___ RECORDS SUPPLIED ___

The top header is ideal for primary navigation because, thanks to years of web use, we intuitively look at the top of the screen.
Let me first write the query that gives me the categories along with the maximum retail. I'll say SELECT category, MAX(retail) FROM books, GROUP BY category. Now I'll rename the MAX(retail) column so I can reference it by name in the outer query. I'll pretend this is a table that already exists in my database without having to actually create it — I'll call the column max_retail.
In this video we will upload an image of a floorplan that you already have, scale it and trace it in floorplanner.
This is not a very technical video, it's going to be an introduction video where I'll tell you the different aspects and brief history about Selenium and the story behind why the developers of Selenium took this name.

___
___ RECORDS SUPPLIED ___

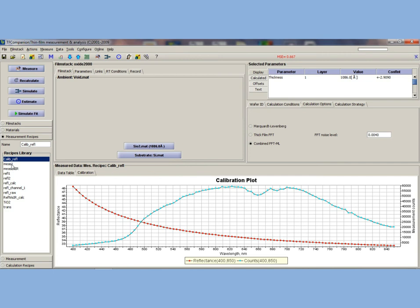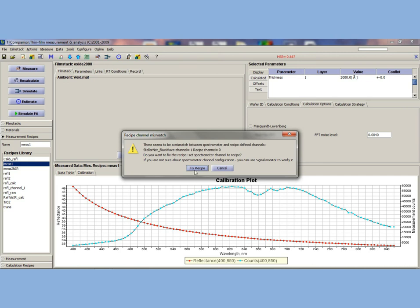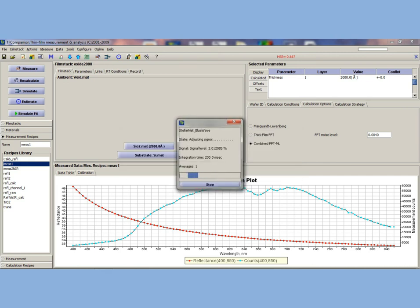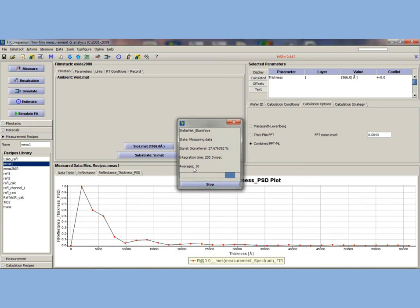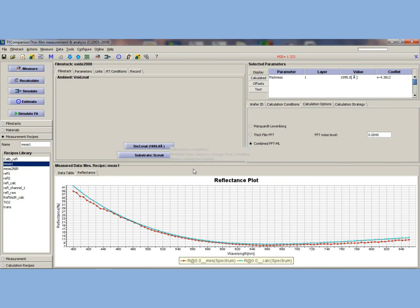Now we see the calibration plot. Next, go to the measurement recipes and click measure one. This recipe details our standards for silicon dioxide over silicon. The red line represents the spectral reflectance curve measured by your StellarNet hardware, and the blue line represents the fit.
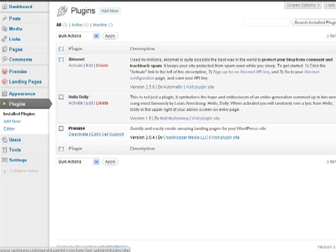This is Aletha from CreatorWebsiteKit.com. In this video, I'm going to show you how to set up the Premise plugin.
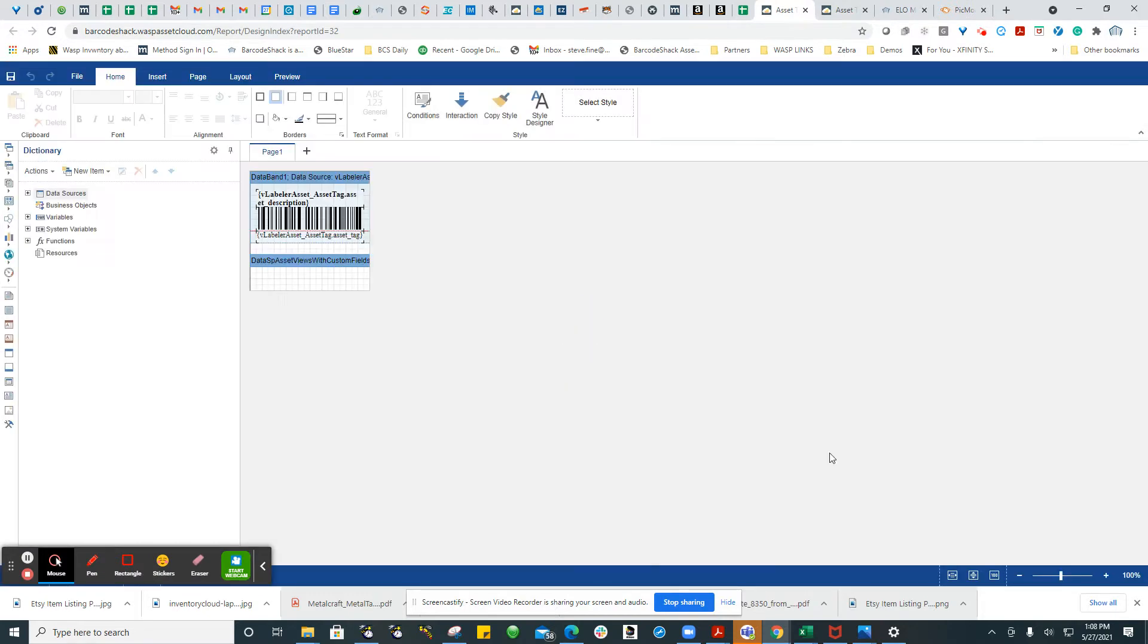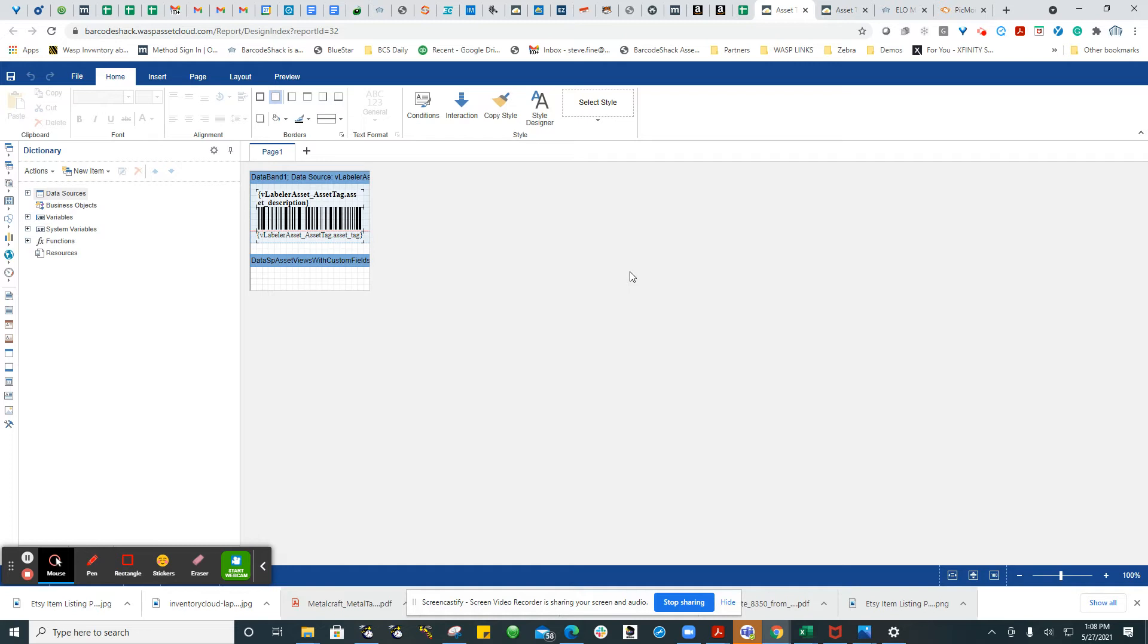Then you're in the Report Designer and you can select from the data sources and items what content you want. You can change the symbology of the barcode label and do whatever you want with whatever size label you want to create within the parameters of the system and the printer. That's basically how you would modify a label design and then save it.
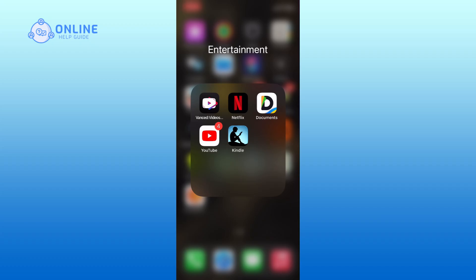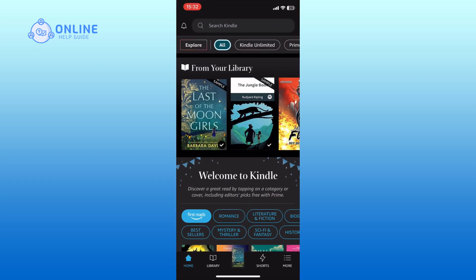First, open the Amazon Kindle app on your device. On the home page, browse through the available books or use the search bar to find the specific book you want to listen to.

___
___ RECORDS SUPPLIED ___

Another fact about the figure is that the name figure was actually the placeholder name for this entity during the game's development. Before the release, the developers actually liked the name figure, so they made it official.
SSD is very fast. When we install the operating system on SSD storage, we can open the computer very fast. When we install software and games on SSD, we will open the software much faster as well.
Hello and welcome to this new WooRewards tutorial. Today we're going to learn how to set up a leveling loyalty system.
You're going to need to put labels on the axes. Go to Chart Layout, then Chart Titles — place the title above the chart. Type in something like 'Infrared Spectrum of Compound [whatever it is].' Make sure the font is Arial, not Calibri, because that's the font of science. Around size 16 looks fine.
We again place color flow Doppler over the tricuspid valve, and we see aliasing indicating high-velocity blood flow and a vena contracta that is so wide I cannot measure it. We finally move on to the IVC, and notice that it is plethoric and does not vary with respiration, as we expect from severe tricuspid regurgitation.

___

REQUIRED ACTION>
From the material above, copy exactly the lines between the line holding "The top header" and the line holding "This is not", inclusive, and only those.

WRITTEN RESPONSE>
The top header is ideal for primary navigation because, thanks to years of web use, we intuitively look at the top of the screen.
Let me first write the query that gives me the categories along with the maximum retail. I'll say SELECT category, MAX(retail) FROM books, GROUP BY category. Now I'll rename the MAX(retail) column so I can reference it by name in the outer query. I'll pretend this is a table that already exists in my database without having to actually create it — I'll call the column max_retail.
In this video we will upload an image of a floorplan that you already have, scale it and trace it in floorplanner.
This is not a very technical video, it's going to be an introduction video where I'll tell you the different aspects and brief history about Selenium and the story behind why the developers of Selenium took this name.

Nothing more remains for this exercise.